Aunque el petróleo ya se encontraba en su territorio, el país no contaba con los recursos necesarios para explotarlo. La falta de capital, tecnología y conocimiento técnico impedía aprovechar ese potencial que permanecía bajo tierra sin generar riqueza.

El punto de inflexión llegó con la entrada de inversiones extranjeras, principalmente de empresas de Estados Unidos, que apostaron por el desarrollo del sector energético. Estas compañías introdujeron maquinaria, construyeron infraestructura y abrieron caminos en regiones donde antes no existían condiciones para la actividad industrial.

En pocos años, la producción petrolera creció de forma acelerada, transformando a Venezuela en uno de los principales productores de crudo a nivel mundial. Este proceso no solo impulsó la extracción del recurso, sino que también permitió el desarrollo de refinerías, carreteras, puertos y servicios que dieron forma al país moderno.

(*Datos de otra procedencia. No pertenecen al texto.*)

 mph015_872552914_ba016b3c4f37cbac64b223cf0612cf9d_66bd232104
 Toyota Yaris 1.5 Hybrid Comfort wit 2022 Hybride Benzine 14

Un elemento clave fue el modelo de reparto de ganancias conocido como “50-50”, mediante el cual el Estado venezolano recibía la mitad de los ingresos generados por la explotación petrolera. Este esquema se convirtió en la base del crecimiento económico y de la consolidación de las finanzas públicas.

Este periodo sentó las bases para que años después el país avanzara hacia el control estatal de la industria, lo que derivó en la nacionalización del petróleo y en la consolidación de su papel como eje central de la economía.

El caso de Venezuela refleja cómo la combinación de recursos naturales y capital externo puede detonar un proceso de transformación económica profunda, pero también plantea interrogantes sobre el manejo de esa riqueza en el largo plazo.